Thor seems intimidating at first, but turns out to be a marshmallow when she gets him alone. He asks first after another physicist named Jane Foster, but seems eager for her company even when she can't help him, plying her with other questions. He's young for his kind, newly wakened to responsibility, but as earnest and determined to protect his people as any hero back home.
Fred first meets Loki after she manages to slip away from the warriors and scholars 'waiting on her convenience'; he taunts her with barbed comments when she shows up in her mortal form, and stops speaking entirely when she shifts into Illyria's skin. Something about her red-and-blue form makes his eyes glitter with rage, hatred running like a fault line beneath his sanity. But on subsequent visits, curious about why Thor and his mother still speak of him with pained fondness, she sometimes earns other tidbits from him: throwaway comments about the magic and science of Asgard that astound her... and a familiar sense of loss, deep enough to shatter worlds.

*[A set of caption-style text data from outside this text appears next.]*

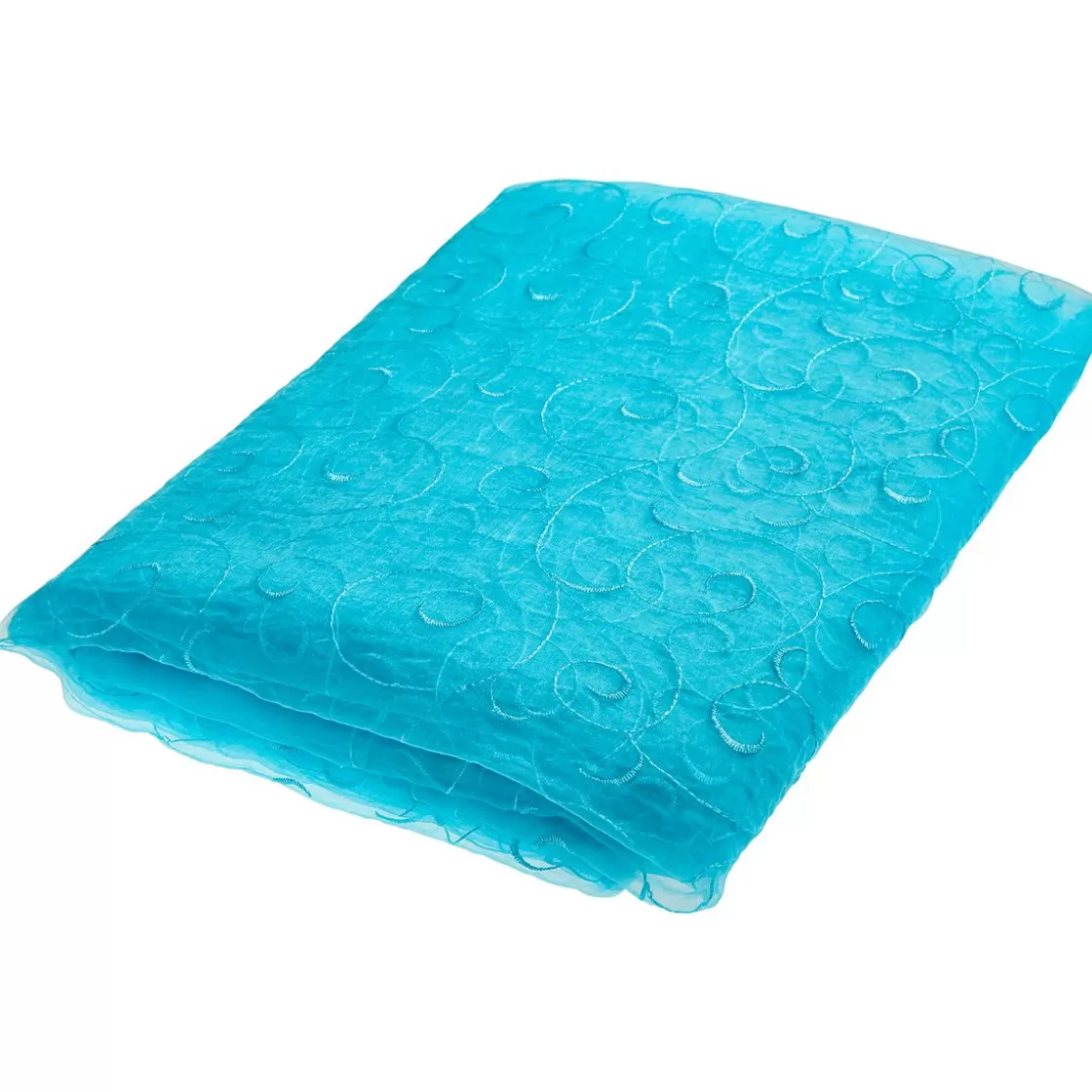 Telas>DecoWoerner Paquete De Ofertas "Organza Con Bordado De Zarcillos", Hielo 5 M azul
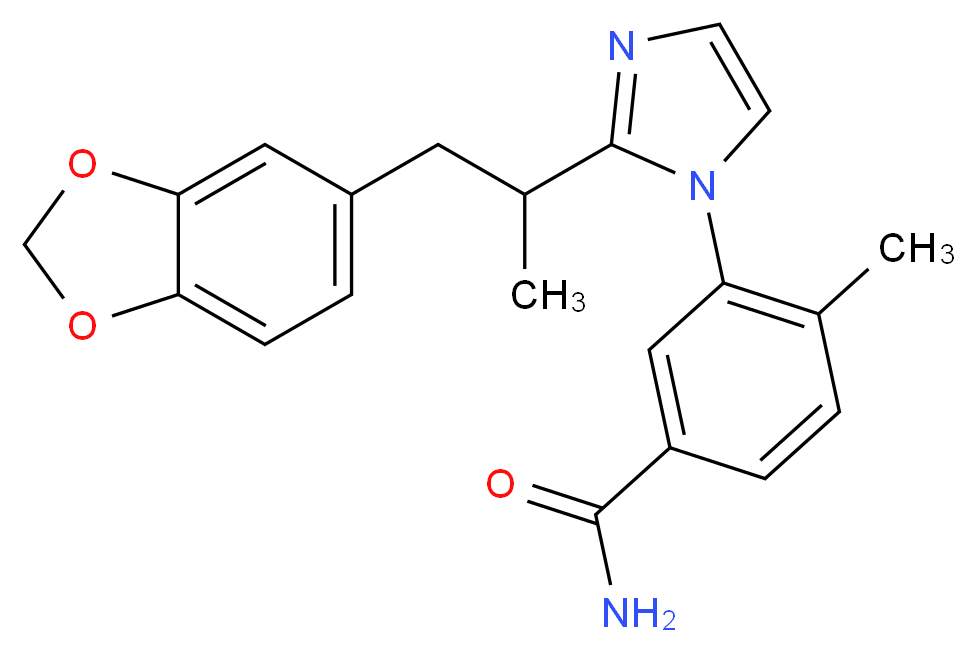 3-{2-[2-(1,3-benzodioxol-5-yl)-1-methylethyl]-1H-imidazol-1-yl}-4-methylbenzamide_Molecular_structure_CAS_)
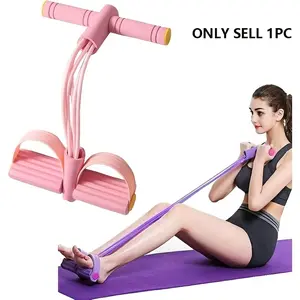 Home fitness resistance bands, foot pedal resistance bands, fitness resistance ropes/sit-up aids, six-tube elastic bands, portable Pilates and yoga training equipment, compact home strength training systems, non-slip foot pedals + comfortable handles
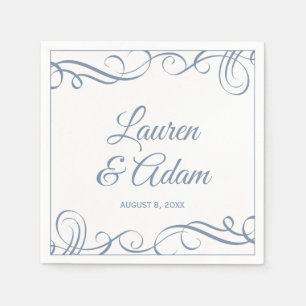 Cocktailservetjes Elegante krullen (stofblauw) Servet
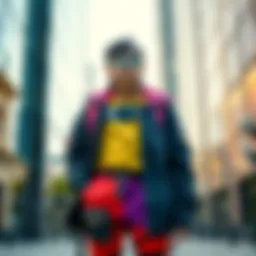 A person named Nea showcases a stylish and unique outfit, featuring vibrant colors and a trendy design, standing confidently in an urban setting.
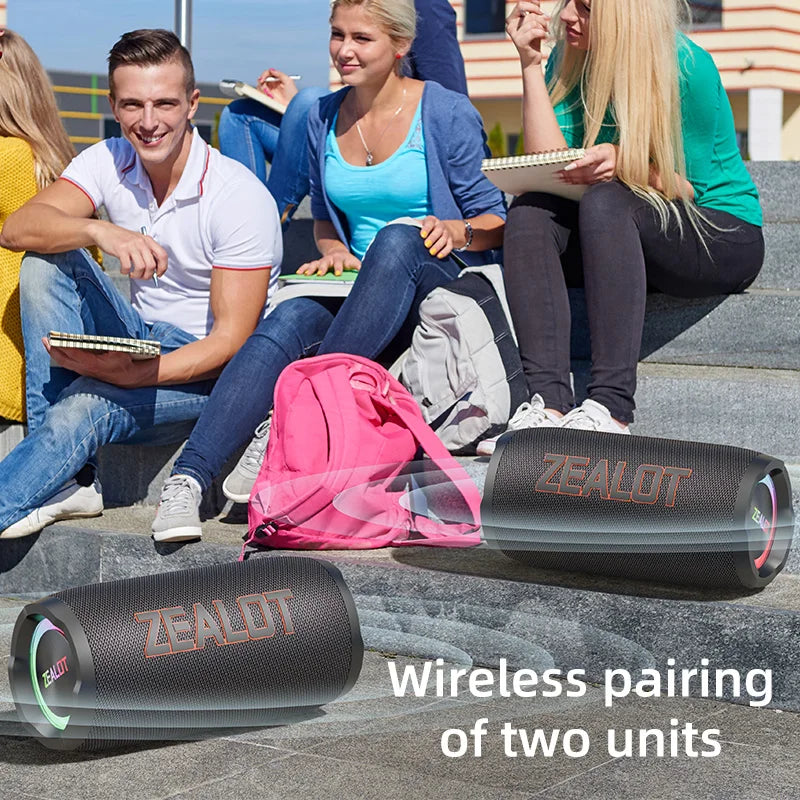 ZEALOT-S76 50W Portable Super Subwoofer Portable Speaker Home Outdoor Waterproof Column Bluetooth Speaker Sound Box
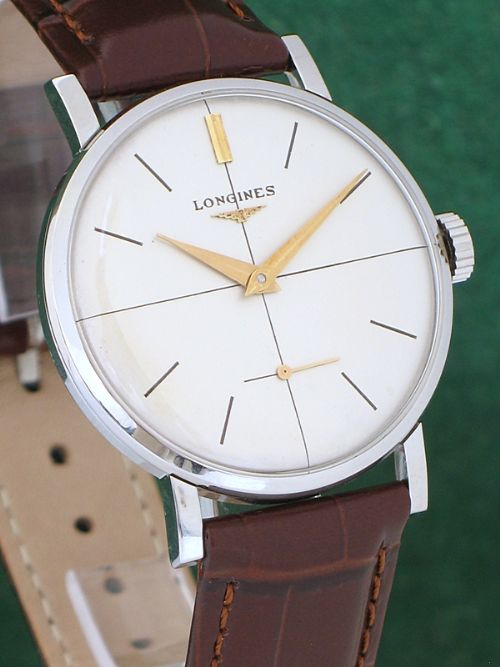 fig 3. STUNNING LONGINES 30L MANUAL WIND STAINLESS STEEL MENS WATCH c1960
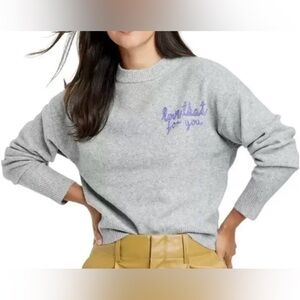 a new day Gray Crewneck Sweater with Blue Script Embroidery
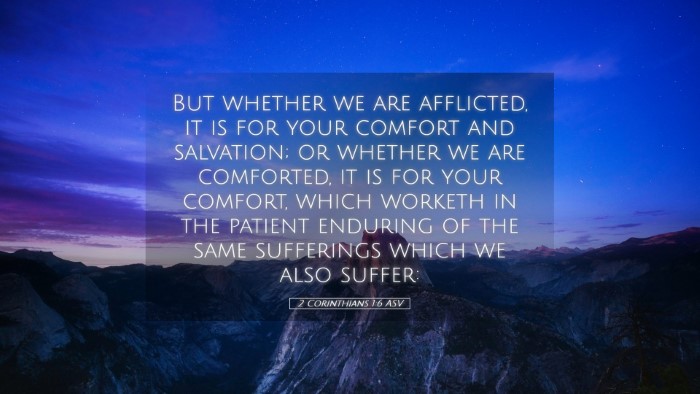 Picture 05 - 2 Corinthians 1:6 ASV Desktop Wallpaper - But whether we are afflicted, it is for your - Desktop Bible Verse Wallpaper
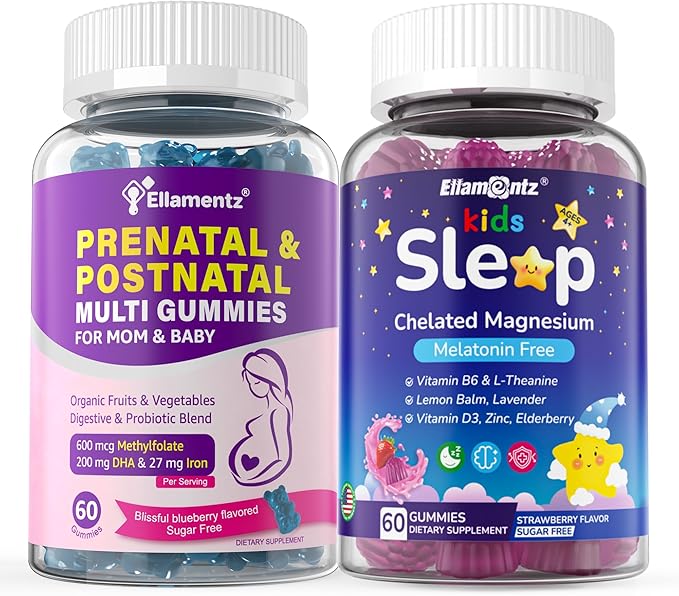 Sugar Free 2 Pack Prenatal Vitamins for Women Gummies + 1 Pack Kids Sleep Gummies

She might not belong in their world. But she knows them. When it's just Thor 'guarding' her so he can ask her about human courtship methods, or when she sneaks away to trace glowing equations on the shield of Loki's cell... she feels somehow more whole then, and both of her remember.
The handsome man who would save his people from monsters; the scholar-magician put in an impossible position who'd made the wrong choice, to everlasting regret. The only thing missing is the man who'd sold his soul for weapons to fight the enemy... and she wouldn't be surprised if he's here somehow, as well.
She's always had a hard time saying no to her boys, even if they change across dimensions. Even if she isn't even sure who she is. She'll help them however she can, because that's what heroes do; because there's more for her here in Asgard than any empty hotel in Los Angeles.
This time, she will stay. It might not be home... but it will do.